Quale ufficiale tedesco deve occuparsi dell'«operazione Dante»? I tentativi di salvare il patrimonio monumentale di Ravenna dalla guerra coinvolgono direttamente il colonnello Alexander Langsdorff delle SS, che scrive «al competente posto militare di servizio con viva preghiera di risparmiare Ravenna per quanto possibile e per quanto lo permettano le esigenze militari». Personaggio di notevole spessore culturale (studi a Marburgo in germanistica e preistoria, archeologo di spedizioni in Medio Oriente) Langsdorff, nazista della prima ora, colonnello delle SS e per sei anni nello stato maggiore di Himmler, lavora presso l'Ahnenerbe (Società di ricerca dell'eredità ancestrale), interessata alle reliquie del passato.

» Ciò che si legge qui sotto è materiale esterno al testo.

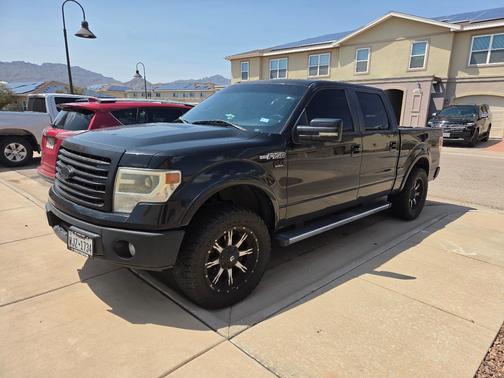 Black 2013 Ford F-150 Lariat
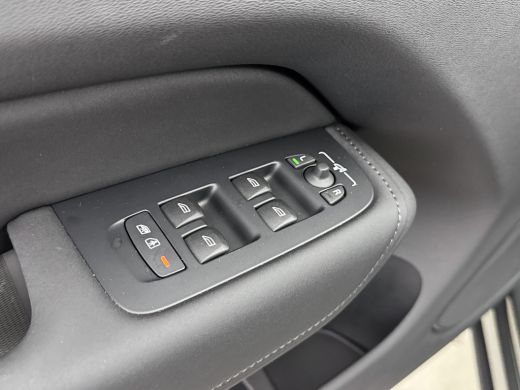 Volvo  XC60 T6 Recharge Ultra Dark | 20" | Geventileerd Nappa | Massagestoelen | Getint Glas | Panoramadak | ... ActivLease financial lease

Dal febbraio 1944 al 30 aprile 1945, Langsdorff dirige il Kunstschutz per l'Italia, vale a dire la struttura per la protezione dell'arte (con sede a Verona), che trafuga anche capolavori rinascimentali.
Della vicenda fino ad oggi non si è saputo nulla, a parte qualche cenno contenuto in un libretto di monsignor Mesini, I monumenti ravennati e la guerra, uscito nel 1956 e passato sotto silenzio. Ho quindi deciso di raccontare la vicenda del '44, come testimone diretto, a contatto con alcuni protagonisti, fra cui mio fratello Giorgio e mio padre Bruno.